While unsupervised learning attempts to find patterns among data points without knowing the meaning of the data, supervised learning infers a relationship based on existing data labels. For example, an AI model can learn to recognize pictures of a table after being trained on a large number of images that are identified as tables. However, in the field of cybersecurity, it is very hard to obtain labelled data to train detection models. Additionally, hackers can change or adapt the attack techniques faster than a supervised learning model can be trained.

The solution to these limitations is active supervised learning, which engages human experts to help create and train threat hunting models. Organizations that are using both AI and humans are 20 times stronger against cyberattacks than traditional methods. The resulting AI models combined with expert feedback can quickly learn to distinguish between malicious and normal behavior. AI-powered threat hunting enables security analysts to significantly increase productivity and detect and respond to more real threats that would have otherwise resulted in a damaging breach.

Can AI Defend Against AI?

Just as security teams and technology vendors are adopting AI to detect and contain threats, hackers can also use AI to power their attacks. Hackers are expected to use AI techniques to target organizations, develop new exploits, and detect vulnerabilities. AI is expected to increase the speed of attacks while reducing cost. For example, writing an effective phishing email takes time and creativity, AI can help automate this process.

The good news is developers of security tools are also rapidly adopting AI as part of the product development and enhancements.
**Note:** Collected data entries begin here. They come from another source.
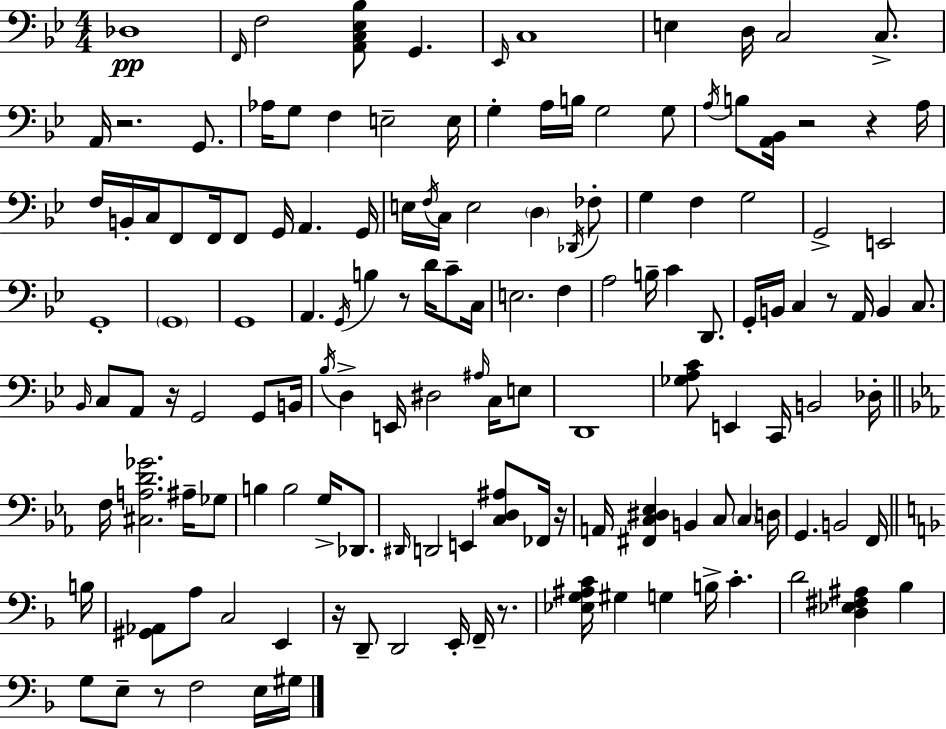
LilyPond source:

{
  \clef bass
  \numericTimeSignature
  \time 4/4
  \key bes \major
  des1\pp | \grace { f,16 } f2 <a, c ees bes>8 g,4. | \grace { ees,16 } c1 | e4 d16 c2 c8.-> | \break a,16 r2. g,8. | aes16 g8 f4 e2-- | e16 g4-. a16 b16 g2 | g8 \acciaccatura { a16 } b8 <a, bes,>16 r2 r4 | \break a16 f16 b,16-. c16 f,8 f,16 f,8 g,16 a,4. | g,16 e16 \acciaccatura { f16 } c16 e2 \parenthesize d4 | \acciaccatura { des,16 } fes8-. g4 f4 g2 | g,2-> e,2 | \break g,1-. | \parenthesize g,1 | g,1 | a,4. \acciaccatura { g,16 } b4 | \break r8 d'16 c'8-- c16 e2. | f4 a2 b16-- c'4 | d,8. g,16-. b,16 c4 r8 a,16 b,4 | c8. \grace { bes,16 } c8 a,8 r16 g,2 | \break g,8 b,16 \acciaccatura { bes16 } d4-> e,16 dis2 | \grace { ais16 } c16 e8 d,1 | <ges a c'>8 e,4 c,16 | b,2 des16-. \bar "||" \break \key ees \major f16 <cis a d' ges'>2. ais16-- ges8 | b4 b2 g16-> des,8. | \grace { dis,16 } d,2 e,4 <c d ais>8 fes,16 | r16 a,16 <fis, c dis ees>4 b,4 c8 \parenthesize c4 | \break d16 g,4. b,2 f,16 | \bar "||" \break \key f \major b16 <gis, aes,>8 a8 c2 e,4 | r16 d,8-- d,2 e,16-. f,16-- r8. | <ees g ais c'>16 gis4 g4 b16-> c'4.-. | d'2 <d ees fis ais>4 bes4 | \break g8 e8-- r8 f2 e16 | gis16 \bar "|."
} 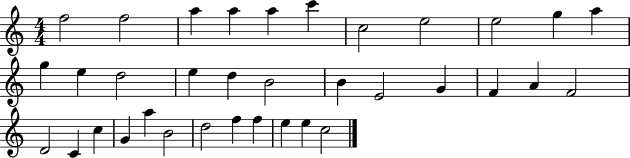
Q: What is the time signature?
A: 4/4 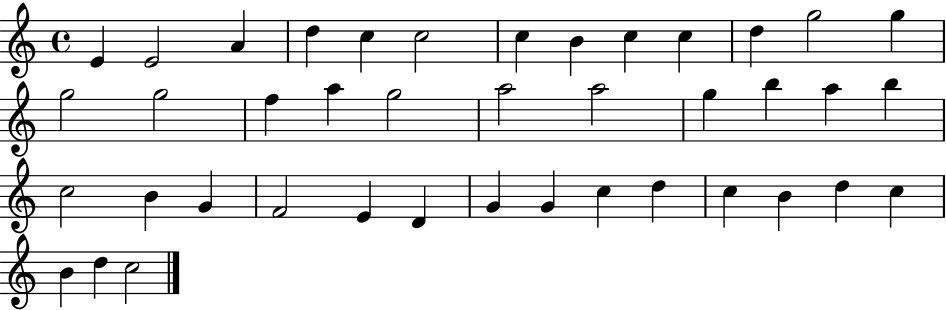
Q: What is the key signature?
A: C major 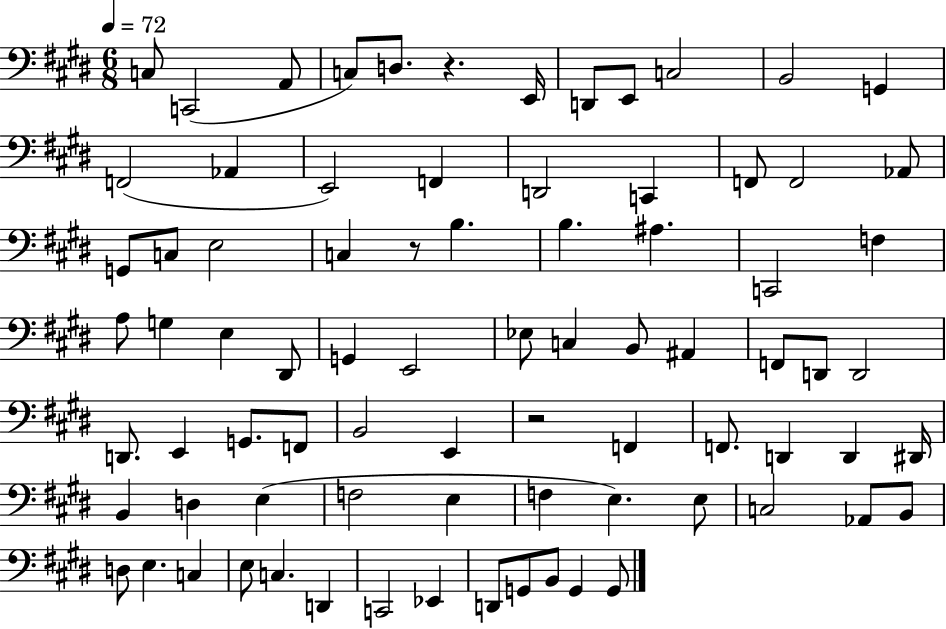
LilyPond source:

{
  \clef bass
  \numericTimeSignature
  \time 6/8
  \key e \major
  \tempo 4 = 72
  c8 c,2( a,8 | c8) d8. r4. e,16 | d,8 e,8 c2 | b,2 g,4 | \break f,2( aes,4 | e,2) f,4 | d,2 c,4 | f,8 f,2 aes,8 | \break g,8 c8 e2 | c4 r8 b4. | b4. ais4. | c,2 f4 | \break a8 g4 e4 dis,8 | g,4 e,2 | ees8 c4 b,8 ais,4 | f,8 d,8 d,2 | \break d,8. e,4 g,8. f,8 | b,2 e,4 | r2 f,4 | f,8. d,4 d,4 dis,16 | \break b,4 d4 e4( | f2 e4 | f4 e4.) e8 | c2 aes,8 b,8 | \break d8 e4. c4 | e8 c4. d,4 | c,2 ees,4 | d,8 g,8 b,8 g,4 g,8 | \break \bar "|."
} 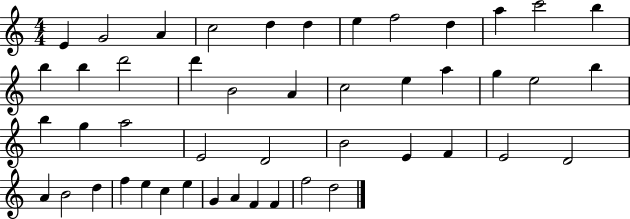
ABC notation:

X:1
T:Untitled
M:4/4
L:1/4
K:C
E G2 A c2 d d e f2 d a c'2 b b b d'2 d' B2 A c2 e a g e2 b b g a2 E2 D2 B2 E F E2 D2 A B2 d f e c e G A F F f2 d2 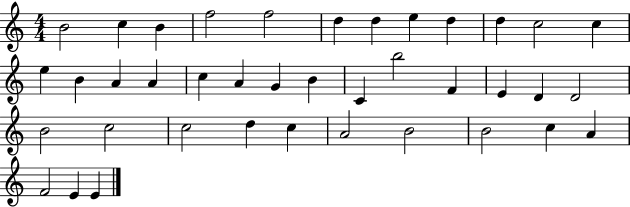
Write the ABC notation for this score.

X:1
T:Untitled
M:4/4
L:1/4
K:C
B2 c B f2 f2 d d e d d c2 c e B A A c A G B C b2 F E D D2 B2 c2 c2 d c A2 B2 B2 c A F2 E E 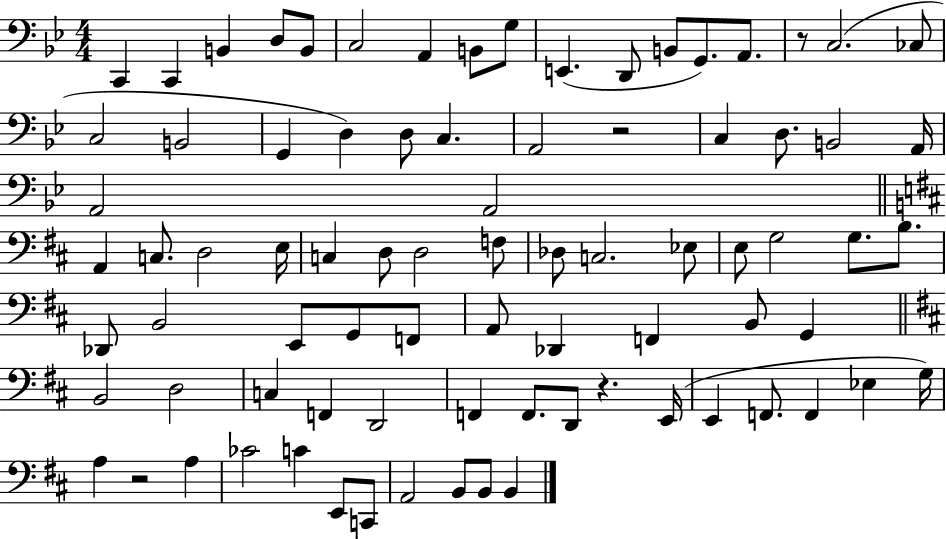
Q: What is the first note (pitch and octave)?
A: C2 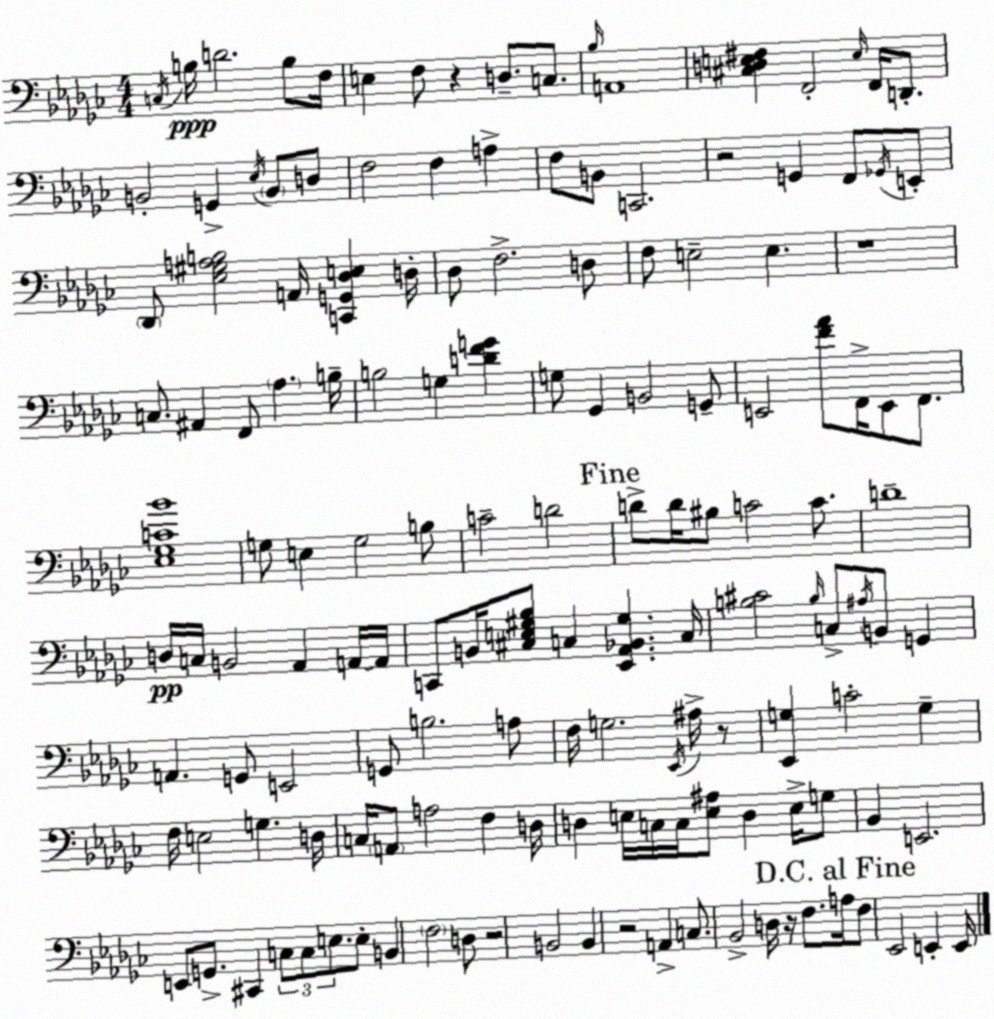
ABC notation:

X:1
T:Untitled
M:4/4
L:1/4
K:Ebm
C,/4 B,/4 D2 B,/2 F,/4 E, F,/2 z D,/2 C,/2 _B,/4 A,,4 [^C,D,E,^F,] F,,2 E,/4 F,,/4 D,,/2 B,,2 G,, _E,/4 B,,/2 D,/2 F,2 F, A, F,/2 B,,/2 C,,2 z2 G,, F,,/2 _G,,/4 E,,/2 _D,,/2 [_E,^G,A,B,]2 A,,/4 [C,,G,,_D,E,] D,/4 _D,/2 F,2 D,/2 F,/2 E,2 E, z4 C,/2 ^A,, F,,/2 _A, B,/4 B,2 G, [DFG] G,/2 _G,, B,,2 G,,/2 E,,2 [F_A]/2 F,,/4 E,,/2 F,,/2 [_E,_G,C_B]4 G,/2 E, G,2 B,/2 C2 D2 D/2 D/4 ^B,/2 C2 C/2 D4 D,/4 C,/4 B,,2 _A,, A,,/4 A,,/4 C,,/2 B,,/4 [^C,E,^G,_B,]/2 C, [_E,,_A,,_B,,^G,] C,/4 [B,^C]2 B,/4 C,/2 ^A,/4 B,,/2 G,, A,, G,,/2 E,,2 G,,/2 B,2 A,/2 F,/4 G,2 _E,,/4 ^A,/4 z/2 [_E,,G,] C2 G, F,/4 E,2 G, D,/4 C,/4 A,,/2 A,2 F, D,/4 D, E,/4 C,/4 C,/4 [E,^A,]/2 D, E,/4 G,/2 _B,, E,,2 E,,/2 G,,/2 ^C,, C,/2 C,/2 E,/2 E,/2 B,, F,2 D,/2 z2 B,,2 B,, z2 A,, C,/2 _B,,2 D,/4 z/4 F,/2 A,/4 F,/2 _E,,2 E,, E,,/4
However, there is still a lot of marketing hype around AI, so we advise you to dig into the details to assess if your vendors are fully leveraging AI/ML technologies before you make the leap.


Organizations can use machine learning to detect suspicious and unusual patterns that are nearly impossible to discover through the human eye. The intelligent detection algorithms can compare the network data packets continuously to discover anomalous traffic, then apply strategies, such as statistical monitoring and anomaly detection, to identify malware variants communicated over a network. Cybersecurity is traditionally a very time-consuming task but with effective use of AI, you can begin to make your cybersecurity teams more efficient.